Why do some women have abortions later in pregnancy? Per the American Journal of Public Health on second trimester abortions (before viability), "Several studies indicate that the factors causing women to delay abortions until the second trimester include cost and access barriers, late detection of pregnancy, and difficulty deciding whether to continue the pregnancy." The later in the pregnancy, the higher the price, meaning that women -- especially women on Medicaid, who overwhelmingly cannot get coverage for abortions under the Hyde Amendment -- get trapped in a vicious cycle. At the same time, legal restrictions like the ones in Mississippi and Virginia, and their antecedents, have limited the number of providers who will perform abortions later in pregnancy: "These regulations cause physicians to change their clinical practices or reduce the maximum gestational age at which they perform abortions to avoid legal risks. Ambulatory surgical center requirements significantly increase abortion costs and reduce the availability of abortion services despite the lack of any evidence that using those facilities positively affects health outcomes. Both types of laws threaten to further reduce access to and quality of second-trimester abortion care."

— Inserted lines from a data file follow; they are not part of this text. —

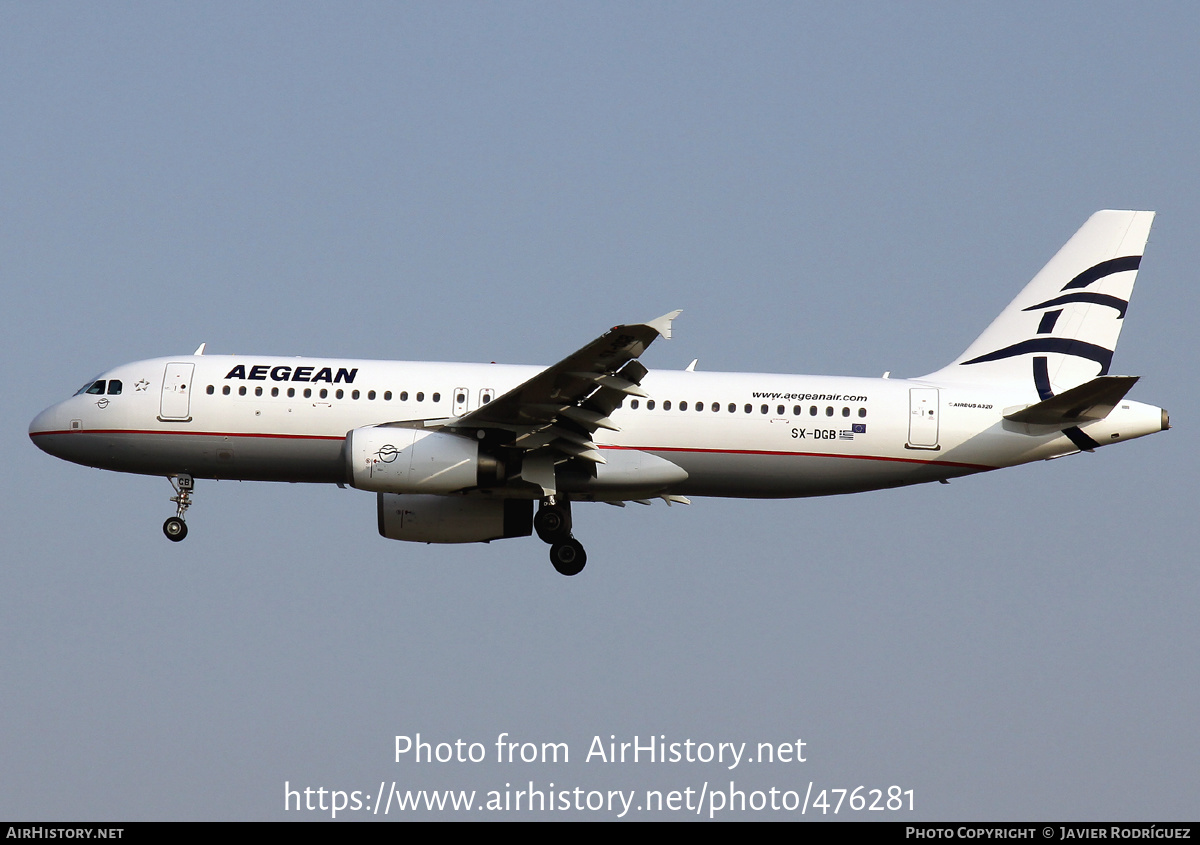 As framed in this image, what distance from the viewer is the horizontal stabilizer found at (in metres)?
30.2

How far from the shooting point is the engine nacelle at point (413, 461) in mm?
29688

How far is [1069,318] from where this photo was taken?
34.6 meters

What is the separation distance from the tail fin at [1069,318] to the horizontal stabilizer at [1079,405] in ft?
5.65

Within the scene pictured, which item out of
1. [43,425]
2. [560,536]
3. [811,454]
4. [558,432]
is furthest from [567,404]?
[43,425]

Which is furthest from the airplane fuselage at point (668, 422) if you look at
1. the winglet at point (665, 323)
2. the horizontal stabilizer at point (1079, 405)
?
the winglet at point (665, 323)

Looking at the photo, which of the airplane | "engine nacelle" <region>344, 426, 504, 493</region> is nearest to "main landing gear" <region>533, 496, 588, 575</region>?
the airplane

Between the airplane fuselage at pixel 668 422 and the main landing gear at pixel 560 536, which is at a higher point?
the airplane fuselage at pixel 668 422

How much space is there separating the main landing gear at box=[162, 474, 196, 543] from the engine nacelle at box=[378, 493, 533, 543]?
428cm

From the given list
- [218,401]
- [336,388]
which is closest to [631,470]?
[336,388]

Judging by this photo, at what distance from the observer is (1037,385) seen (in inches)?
1323

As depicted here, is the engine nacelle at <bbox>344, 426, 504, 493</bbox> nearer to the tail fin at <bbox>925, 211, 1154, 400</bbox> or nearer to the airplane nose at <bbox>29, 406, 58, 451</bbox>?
the airplane nose at <bbox>29, 406, 58, 451</bbox>

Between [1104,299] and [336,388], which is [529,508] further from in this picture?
[1104,299]

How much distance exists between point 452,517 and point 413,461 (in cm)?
377

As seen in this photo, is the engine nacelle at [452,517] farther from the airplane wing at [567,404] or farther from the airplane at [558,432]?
the airplane wing at [567,404] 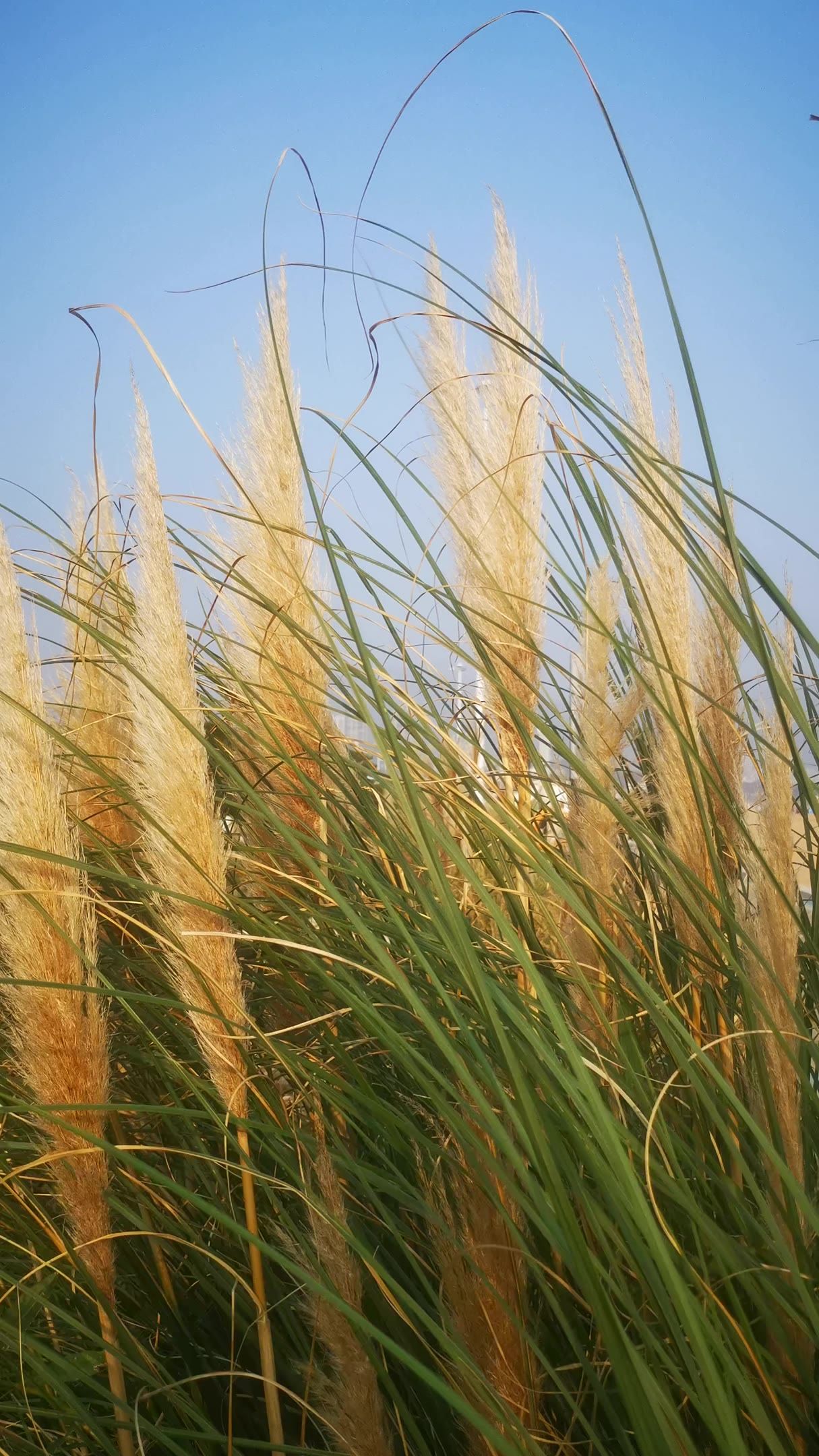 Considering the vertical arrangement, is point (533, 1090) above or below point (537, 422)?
below

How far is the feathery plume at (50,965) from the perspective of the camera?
1215 mm

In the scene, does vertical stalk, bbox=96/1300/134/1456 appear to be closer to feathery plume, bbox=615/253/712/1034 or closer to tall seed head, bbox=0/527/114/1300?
tall seed head, bbox=0/527/114/1300

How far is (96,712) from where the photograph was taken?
184 centimetres

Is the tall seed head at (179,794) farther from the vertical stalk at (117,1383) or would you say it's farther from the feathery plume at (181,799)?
the vertical stalk at (117,1383)

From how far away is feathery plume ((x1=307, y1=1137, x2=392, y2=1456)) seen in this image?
3.18ft

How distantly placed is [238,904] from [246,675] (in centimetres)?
48

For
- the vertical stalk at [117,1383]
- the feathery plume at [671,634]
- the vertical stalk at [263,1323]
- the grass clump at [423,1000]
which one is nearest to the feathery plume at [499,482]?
the grass clump at [423,1000]

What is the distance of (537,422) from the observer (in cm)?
198

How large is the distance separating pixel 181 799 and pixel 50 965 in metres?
0.24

Abortion, when conducted under safe and legal conditions, is an extremely safe procedure -- according to one recent study, the risk of death associated with childbirth is 14 times higher than associated with abortion. Meanwhile, the U.S. ranks 50th in the world for maternal mortality, and African-American women are 3.2 times more likely to die from pregnancy and childbirth-related complications, though I haven't seen much outrage on the right about that, either. Of course, the people who are claiming a media conspiracy over Gosnell aren't interested in talking about access to safe abortion or better healthcare outcomes for women. They just want all reproductive freedom curtailed.

But even banning abortion outright won't eliminate the Gosnells of the world.  The abortion rate is higher in countries where it's illegal, and around 47,000 women die every year from unsafe abortions in clinics that likely look a lot like Gosnell's. Apart from pro-choice advocates and feminist journalists, where's the outrage about those women's deaths?